In his submission on the Edo political crisis, Okafor said, “In my view, I think it is quite worrisome that our democracy has become a democracy of the courts rather than a democracy of the ballot box simply because politicians of all the parties have refused to play by the rules.”
Another lawyer, Mr Chimaobi Onuigbo, further interpreting the court order, said “Looking at the court processes, it was discovered that it was actually an application for substituted service that was brought. The order of the court is for substituted service, so, the court has not given any decision yet in respect to the application.
“The court only said that the defendants should be served openly in the newspapers and the rest. It said leave was granted to serve the defendants through other means.”
With this submission, Onuigbo was of the view that, before the court could grant an order for a substituted service, there must have been an application submitted requesting for that.
“They might have brought an application for substituted service. The court did not say anything about Obaseki’s status. The court only said that the parties involved should be properly served, that the court notification should be put forward to the defendants by substituted means,” Onuigbo added.
On the viral media publication saying the opposite, the lawyer said, “The media must have misinterpreted the order. If you look at it, the order sought is different from the order granted. In fact, the order that was displayed is not the same application that was brought.
“The order that was made is in relations to an application for substituted service, meanwhile, the process that was displayed was for the injunction, the substituted service was not displayed.”
Onuigbo noted that, “The applicant must have prayed for substituted service, but it was not displayed in the process, the court won’t grant a leave for substituted service unless it is prayed for. The process did not display the content of what was sought after that the court granted.
“The court can’t say a leave be granted if there was no such application. That is why the court introduced the person as an applicant. An applicant is someone that applies for an order, who submits an application, which is different from the normal process.”
The law expert explained that, “Once you bring an application, your status changes to an applicant, that is why he was not introduced as a plaintif. There must have been an appliction before the court introduces someone as an applicant.”
According to him, “There is nothing restraining Obaseki yet from participating in PDP primary election. It is until the order of the court is made that the party should maintain status quo ante bellum, that is, no action should be taken pending the conclusion of the matter, that is when Obaseki can be restrained.”

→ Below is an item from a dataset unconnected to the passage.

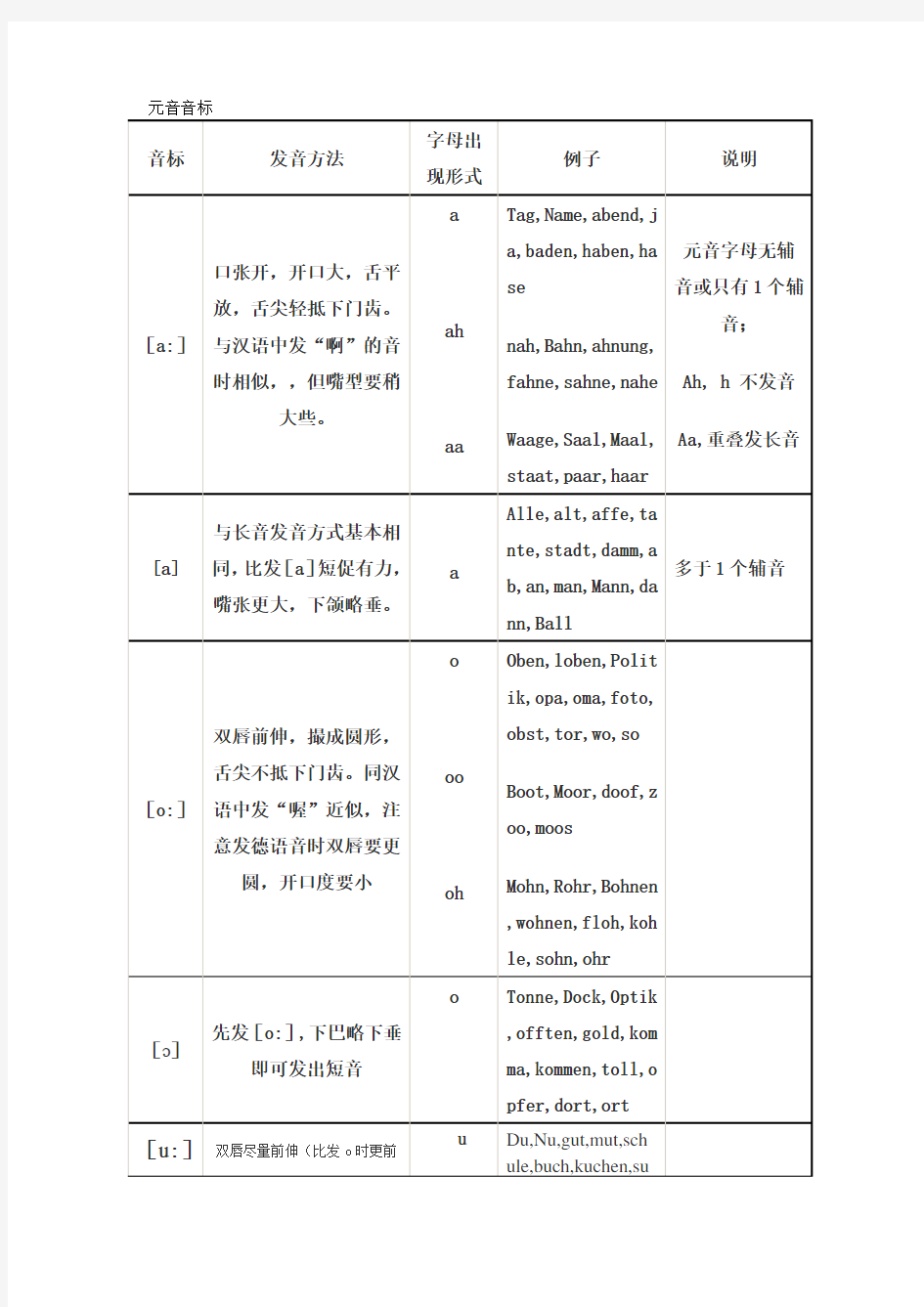 德语元音辅音音标发音总结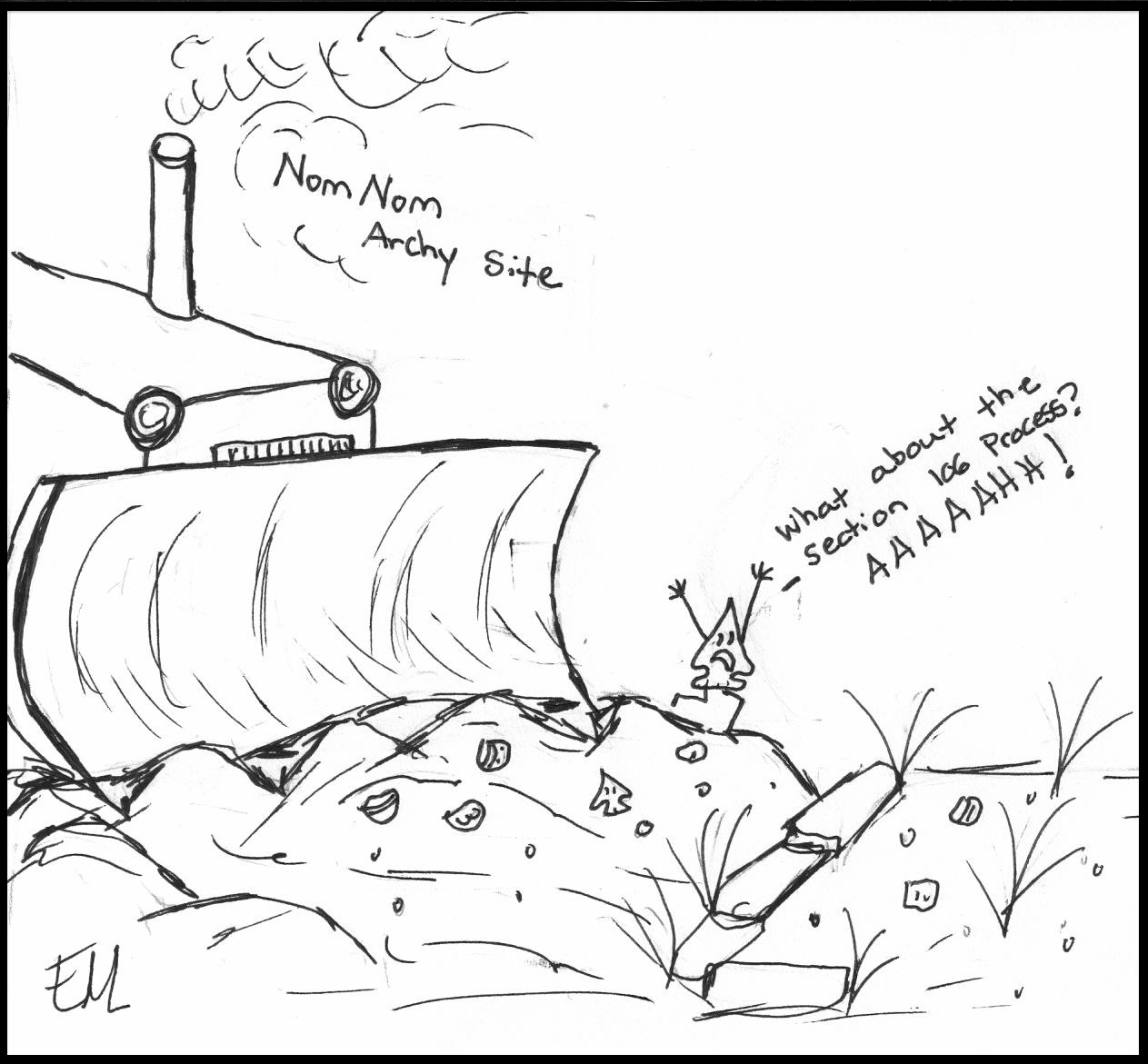 1263x1171 Archaeological Sites Trowel Tales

So, as it is the lawyer said, “For now, everything is still open.”
As explained by the two lawyers, and another Senior Advocate of Nigeria (SAN), who though chose to be in the background, when The Daily Leaks spoke with him, as he would not want to be involved in the inter party squabbles in Edo State, said, there is no order yet.
There is no order restraining Governor Godwin Obaseki from contesting the PDP governorship primary election in Edo State yet.